# Lexi & Beemer in their summer look



## Lexi&Beemer (May 5, 2013)

Sent from my iPad using Tapatalk


----------



## Marzi (Sep 17, 2012)

Summer - what a lovely thought...
Lexi and Beemer look lovely - all long legged and athletic.
I'm sure they can't wait to go some place and get dirty


----------



## dio.ren (Jan 18, 2013)

They look adorable


----------



## dmgalley (Aug 19, 2012)

I love these two! They look so clean and beautiful. We are going to need an after shot you know the all dirty, tired and beyond happy shot! 

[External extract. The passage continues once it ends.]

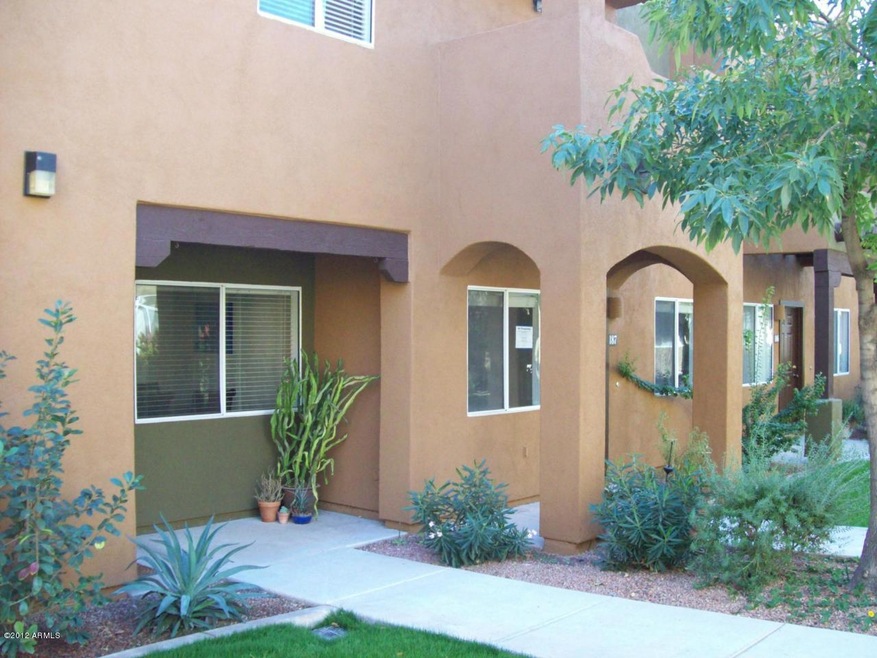 023-256679 - Front Entry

Sent from Petguide.com Free App


----------



## emjon123 (Apr 9, 2013)

Beautiful pictures.


----------



## Tinman (Apr 23, 2013)

Gorgeous, I still don't know which one is which unless their in pink & blue!! X


----------



## Cat 53 (Aug 26, 2012)

They look wonderful. Bet they feel all soft and velvety too. I like the shorter ears too. My two go on Thursday. Will ask for a shorter look.


----------



## RuthMill (Jun 30, 2012)

Brilliant! I'm a fan of the summer cut!


----------



## arlo (Mar 11, 2013)

They look great, you must be very happy, come on the summer


----------



## Grove (Oct 17, 2012)

Really good summer cut. Their faces are beautifully done too


----------



## Lexi&Beemer (May 5, 2013)

I love their cut. I'm not looking forward to summer. It may actually reach 100 degrees this week. The price of no snow. We are going to melt. 

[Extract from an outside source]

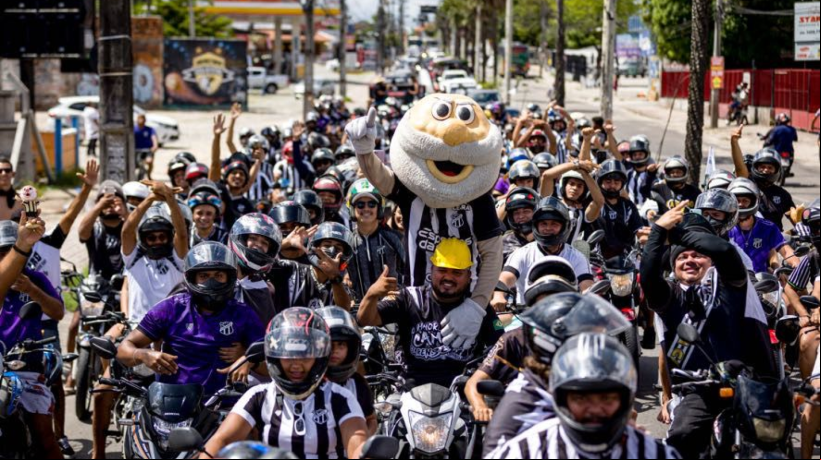 Festa alvinegra percorreu 10 km, da Arena Castelão à sede do clube, em manhã de comemoração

Sent from my iPad using Tapatalk


----------



## Lexi&Beemer (May 5, 2013)

Grove said:


> Really good summer cut. Their faces are beautifully done too



That's why I only let the one groomer do it because she makes sure they look like Lexi and Beemer. The body I'm not picky, just fairly even. So I'm the only person she does grooming for at the daycare. 

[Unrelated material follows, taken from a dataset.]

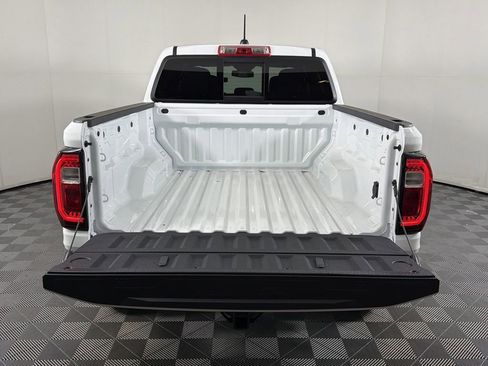 New 2026 GMC Canyon Elevation w/ Convenience Package image 16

Sent from my iPad using Tapatalk


----------



## dio.ren (Jan 18, 2013)

Lexi&Beemer said:


> I love their cut. I'm not looking forward to summer. It may actually reach 100 degrees this week. The price of no snow. We are going to melt.
> 
> 
> Sent from my iPad using Tapatalk


I am jealous we have had the shittiest winter ever today it was cold in the morning had my winter jacket on ....I have no sympathy for you ha! Sounds mean but this winter was brutal Love you still though miss sunshine!


----------



## RuthMill (Jun 30, 2012)

Lexi&Beemer said:


> I love their cut. I'm not looking forward to summer. It may actually reach 100 degrees this week. The price of no snow. We are going to melt.
> 
> 
> Sent from my iPad using Tapatalk


Oh poor you!!!!


----------



## Nanci (Mar 1, 2012)

That cut is perfect for the weather you are describing!! They look wonderful! I love that cut. Sami is shorter like that due to so many matts, but Carley is longer still. I think I will hv them take her down a bit more next time too, It is so much easier when they are shorter.


----------